Q: Who are you rooting for in The World Cup?
BUTLER: Listen I love Brazil and it’s in Brazil, they are the most fun historically and the best team to watch. They’re Brazil it’s not just the team, it’s the fans and when Brazil moves in, it all goes off. I would love to get down there. I was in Italy four years ago when they went out and I was in a room full of Italians as they lost. I could never imagine being in Italy in a room full of Italians when everyone lost.
Q: You took a year off until recently. What did you learn?
What I found, I think on this journey, was permanently taking time out of the craziness and dipping into it rather than living in the craziness and dipping in to tranquillity is a better way to be. I’ve always lived in Hollywood and my energy is that ADD energy and creatively, since I moved out to Malibu and also travelled to some more peaceful places and understood the value and coming from that more connected place, that it’s amazing what manifests when I do that and also how much more enjoyable the experience is being in a calm place than a crazy, flustered placed.

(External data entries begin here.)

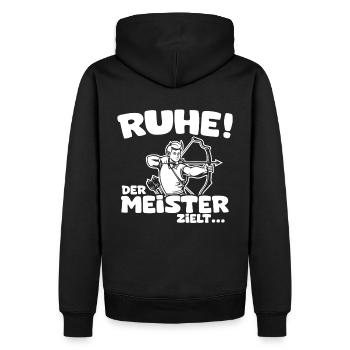 Ruhe! Der Meister zielt! Bogenschießen Bogensport - Männer Premium Bio Hoodie - Schwarz - Hinten - Nico (187cm)
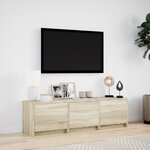 vidaXL Meuble TV avec LED chêne sonoma 140x34x40 cm bois d'ingénierie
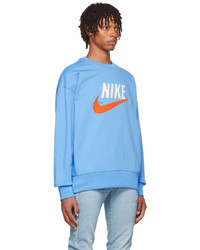 hellblaues bedrucktes Sweatshirt von Nike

Q: You don’t seem like a Malibu guy.
BUTLER: No, no I don’t, but I’m from Scotland, right, so the thing is when I’m in Malibu I’m not even on the beach – actually, I am on the beach right now, but generally I’ve been staying in the mountains and I love it. It’s like being in Scotland. I’m very connected there. I’d rather be in the mountains than on the beach. I feel so at home and surrounded by nature. I did a lot of travelling, but it was actually settling here I found a great way to create more of a life here on my terms and going, ‘Oh I can do this forever; that’s cool.’

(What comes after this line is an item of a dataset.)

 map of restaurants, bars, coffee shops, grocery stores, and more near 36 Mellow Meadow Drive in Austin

Q: Why did you decide to live in America and not to stay in London or in Scotland?
BUTLER: Well, I came here and in two weeks I had my first lead in a mini-series.
Q: But the life in Los Angeles is to move here and to wait.
BUTLER: I never did. A lot of the British actors who say they don’t come out here and try, I’ve seen them on every list and I see them at auditions. They come out here and try – it’s very difficult to make it in LA I acted in London for many years and I acted in Scotland, and I acted in LA. It’s a lot more difficult to make it in LA than it is there but I have found in my experience, many British actors come out here and I read in the press where they say, 'Oh I don’t care about Hollywood, it’s not for me.' I’m like, 'I’ve seen you out on 10 flights to LA, up for every movie,' but it’s easy to say when they don’t get the movie, 'Oh, I’d rather be doing theatre in London.' By the way, I’ve done theatre. I love theatre, but it’s just been my journey that I also love making movies. I go back to Scotland a lot. I go to London a lot, but it’s much harder. There are not many actors who’ve lived over there who still come here and have done as well because when you’re here you’re connected. I’m producing now so I have offices that I go to.